# Fenix



## Tribull (Aug 10, 2018)

Wondering if anyone collects Fenix? I think I’m going to, just ordered an E01


----------



## mcfarlie6996 (Aug 10, 2018)

I think many of us have Fenix lights, although not limited to them.


----------



## night.hoodie (Aug 12, 2018)

I would like to collect an LD01, E99Ti, the F15, UC02 and another E05ss. I am certain there are CPF members that have most of these safe in their collection. I do not think time will make these models less interesting or desirable. Personally, I do not mind they were mass produced nor exactly rare. I think they will be more rare in the distant future. I imagine some being found in the distant future, after kept safe in collections, and still inspiring awe.


----------



## bykfixer (Aug 12, 2018)

What? There aint a Fenix collectors thread? 

Now there is. Yaaaay.

EO1 is my only Fenix, but good luck taking it from me. 

Edit: added a purple EO1. End edit.


----------



## ven (Aug 12, 2018)

I have a few fenix lights(some no longer as have parted ways over the years). They are a pretty decent Chinese brand, no doubt for me there. Some may think if you have 3 or 4 then its a collection of, so depends really on what is perceived as a collection.

I dont really do one brand, i like variety and choices along with.............well just different lights/tools. 
couple of lanterns, cl25r and cl20





tk75vn70 and rc40vn








pd35vn quad xpl 4000k x2 and xpl 6500k(iirc without checking card) x2= a very nice temp on the eye.

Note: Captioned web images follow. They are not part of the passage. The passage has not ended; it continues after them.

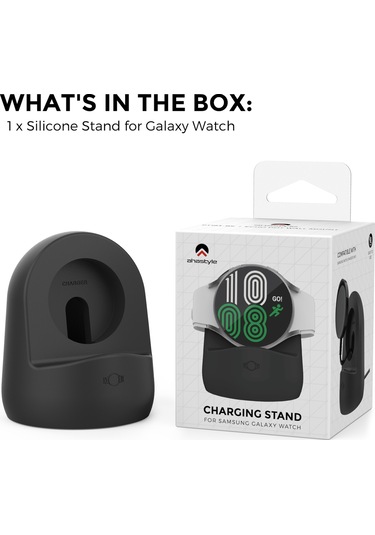 Ahastyle Pt181 Galaxy Uyumlu Watch 3/4 / Aktif / Aktif 2 Beyaz İçin Silikon Şarj Standı İzle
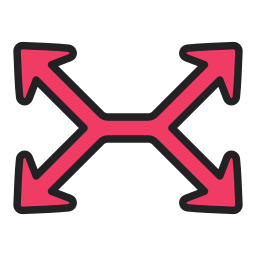 Crossed arrows icon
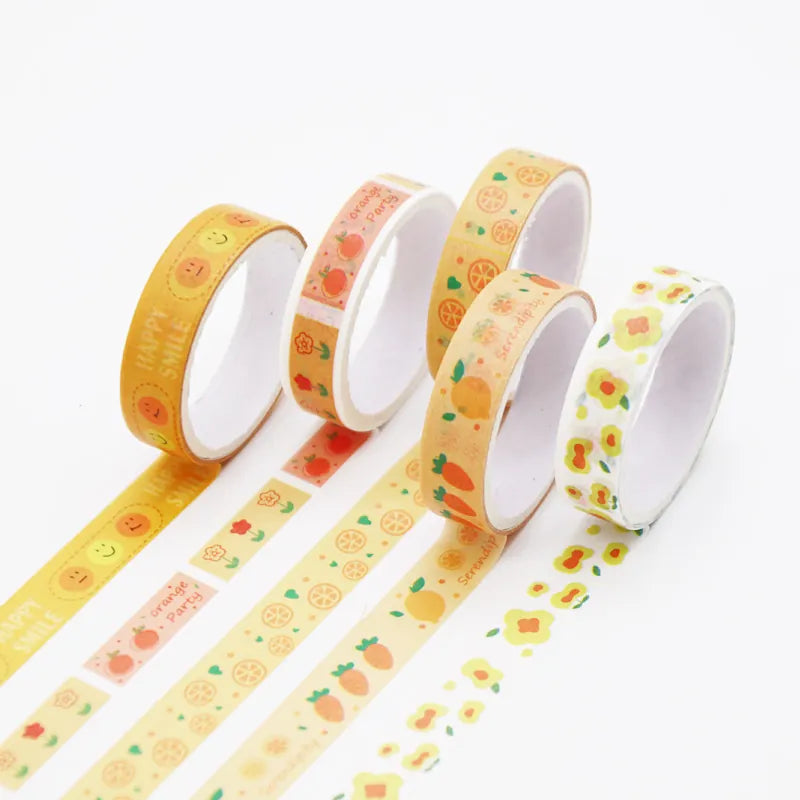 Morandi Washi Tape Sets – 5 Roll Coordinating Collections
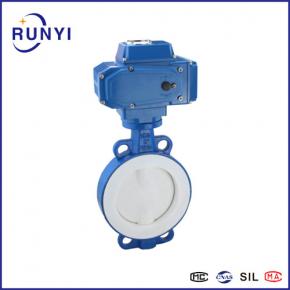 D671F4-16 D671F4-16C D671F4-16P Pneumatic lined butterfly valve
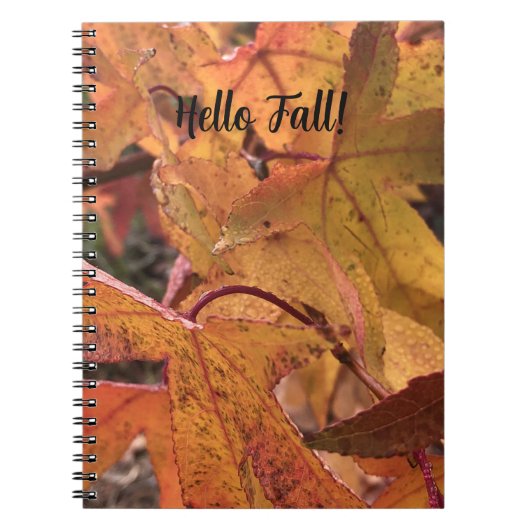 "Hello Fall!" Notebook ノートブック (正面)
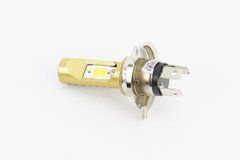 Лампа фари діодна H4 - LED-2+1(лінза)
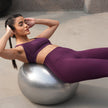 Lifelong LLFAGB55G Gym Ball for Exercise Anti Burst Exercise Ball with Foot Pump for Workout Yoga Ball for Women and Men, Grey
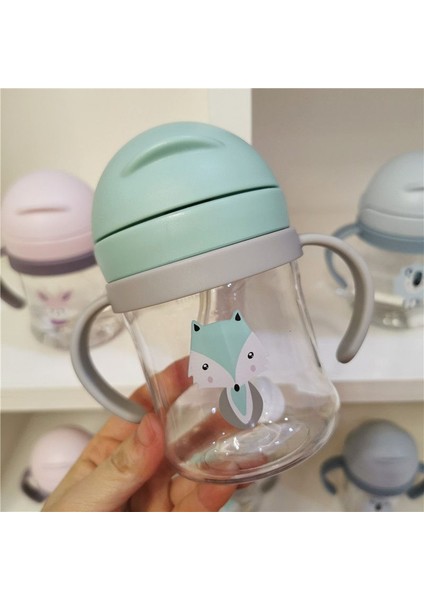 300 ml Çocuk Karikatür Bebek Ölçekli Saman Fincan Antica Boğulma Bebek Kolu Dayanıklı Düşen Su Şişesi Top Öğrenme Içecek Kupası | Kupalar (Yeşil) (Yurt Dışından) fırsatları
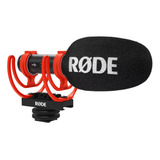 Microfone Direcional Rode Videomic Go Ii Para Câmera Preto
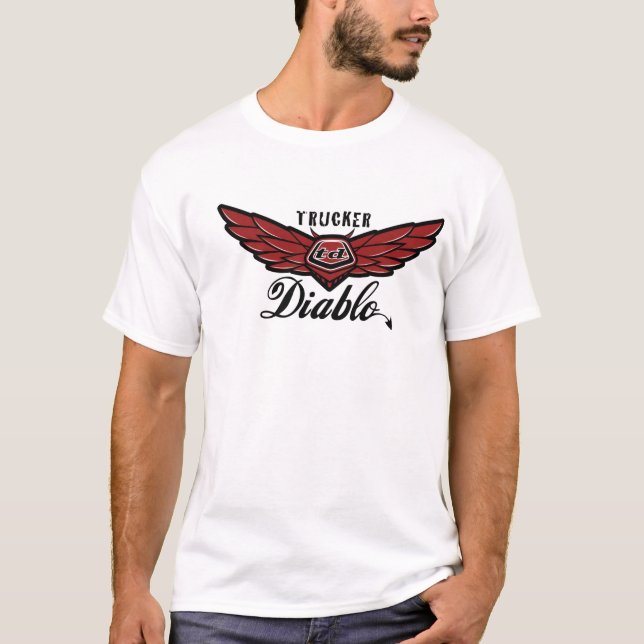 TRUCKER Diablo - T SHIRT - Customized with Back Pr (Front)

I have an e05ss somewhere as well.

Found it!





Will be some i have missed out no doubt.................


----------



## LeanBurn (Aug 12, 2018)

I only have the E01, the most bulletproof reliable light created by Fenix.

...and like George Costanza, I will leave on that high note.


----------



## magellan (Aug 13, 2018)

I can’t say I really collect them, but I do have a few: 

1. E99 Ti AAA
2. E05 SS AAA
3. LD01 SS AAA limited edition
4. 15th Anniversary Rose Gold Plated AAA
5. Fenix E01 AAA
6. LD75C 4x18650 or 8xCR123A
7. Vinh modded Tk75vn77 8x18650


----------



## markr6 (Aug 14, 2018)

I really wish I kept my old Fenix lights. I had 3 of the original E11's - two black and one silver. The LD10 and LD20 were classics. I do have two PD32UE's. Still an awesome light!


----------



## colight (Aug 16, 2018)

I also won't call myself a collector, but I have a few Fenix lights. I've always been a big fan of Fenix thus have only those. I have:

1. UC02, 
2. UC02 SS, 
3. E01,
4. PD35 V2.0, 
5. F15 (the rose gold plated one), 
6. FD41, and a
7. TK75 2018, which I haven't tested yet. I'll get that opportunity quite soon, I hope. I've been wanting this TK75 for a long time! 

There were a few others which have found new owners over time (gifted by me, some willingly and some reluctantly ...).


----------



## archimedes (Aug 16, 2018)

... (advertising post removed) ...


----------



## PartyPete (Aug 16, 2018)

I have a few Fenix lights from over the years. Nothing really has caught my eye lately but I think next I'm due for a TK series light. But again, lots of competition out there. However, Fenix does make a good light. 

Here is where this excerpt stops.